Café
She’s Lady Bear and he’s Big Bear. He runs the six-month-old café, so they named it after him. “I didn’t want something obvious like ‘espresso something’ or a café named after a street name or a postcode,” says Kris Stephens.
“I guess I’m a bit of a big bear. It’s a broad name, with plenty of different meanings and kids love it. But they aren’t specifically our target market,” he says.

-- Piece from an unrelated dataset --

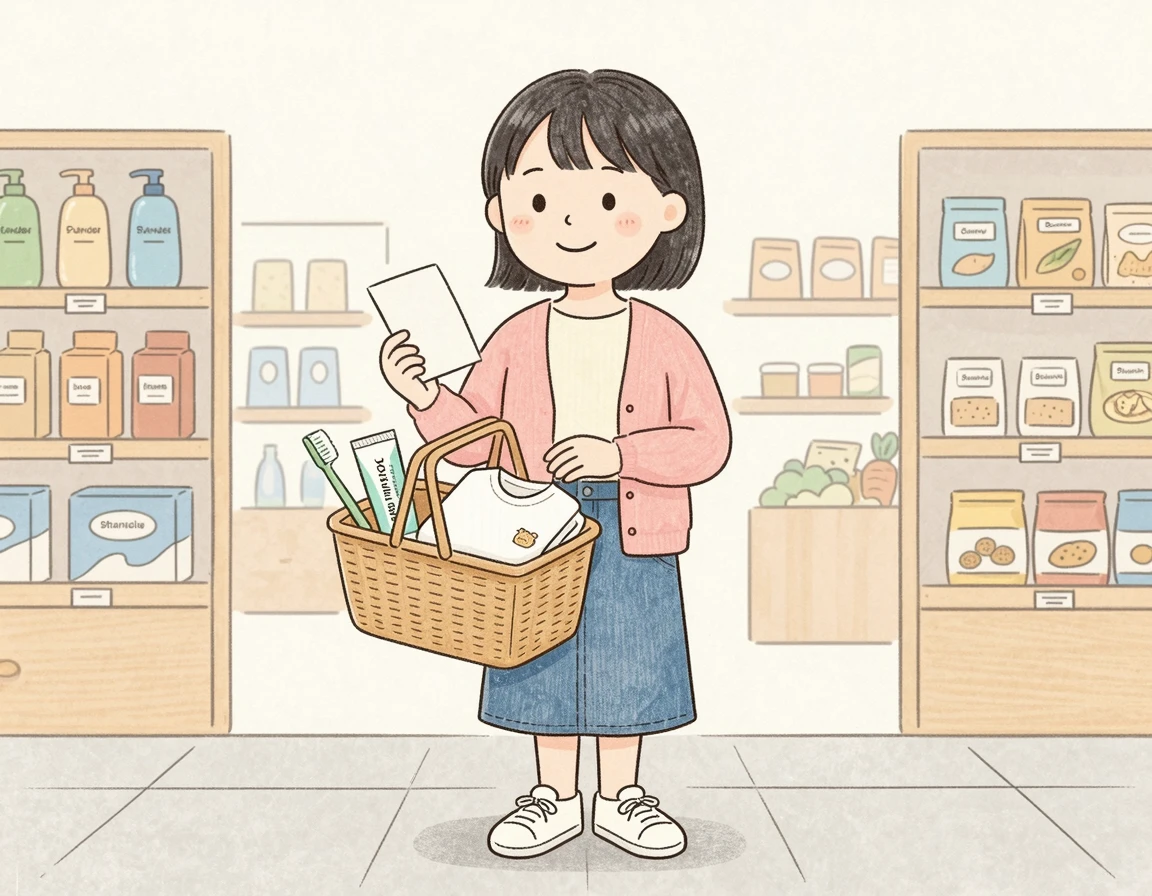 지연된 수하물 대신 생필품을 구매하고 영수증을 챙기는 모습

Stephens and his wife Kacie had talked about running their own café and found the right space when their second child, Hugo, was just a week old. Kacie had worked in real estate and Kris was in property renovation and redevelopment.
“This end of Glen Huntly Road is a bit of a dead, forgotten place,” says Kris. “But it’s close to the train station and there’s no other competition. Thousands of people catch that train every day and it’s close enough to home for me to walk to work.”
The interior design was by friend Paul Hecker, of interior-design company Hecker Guthrie, and the bear was painted by artist Aaron McKenzie.
There’s a short daily menu with a good selection of breakfast offerings, including a moreish house-made muesli, and muffins are baked in small batches from the open kitchen.
Barista
A Joe La spent four years working at the RACV City Club in Bourke Street, learning hospitality nous and coffee making under pressure. He thought the next step was his own café, so he ran Café 3A in Brunswick for a short time, using coffee roasted by a small independent company.
“But I wasn’t ready for it,” he says. “I think making coffee and running a business are two separate things. I prefer making coffee. There’s less stress.”
La has been at Big Bear for just over a month and says his six-day-a-week role is ideal: “I can leave the stress to Kris.”
The café uses Genovese’s Super Brazil blend and has a small two-group Wega machine on its front counter.
An espresso using the dark-roasted blend will be a careful extraction, of good temperature and consistency, with notes of dark chocolate and spice. La says his latte art is still “pretty basic” but a flat white will be nicely etched with a single rosetta and the brew will be as full of good cheer as it looks.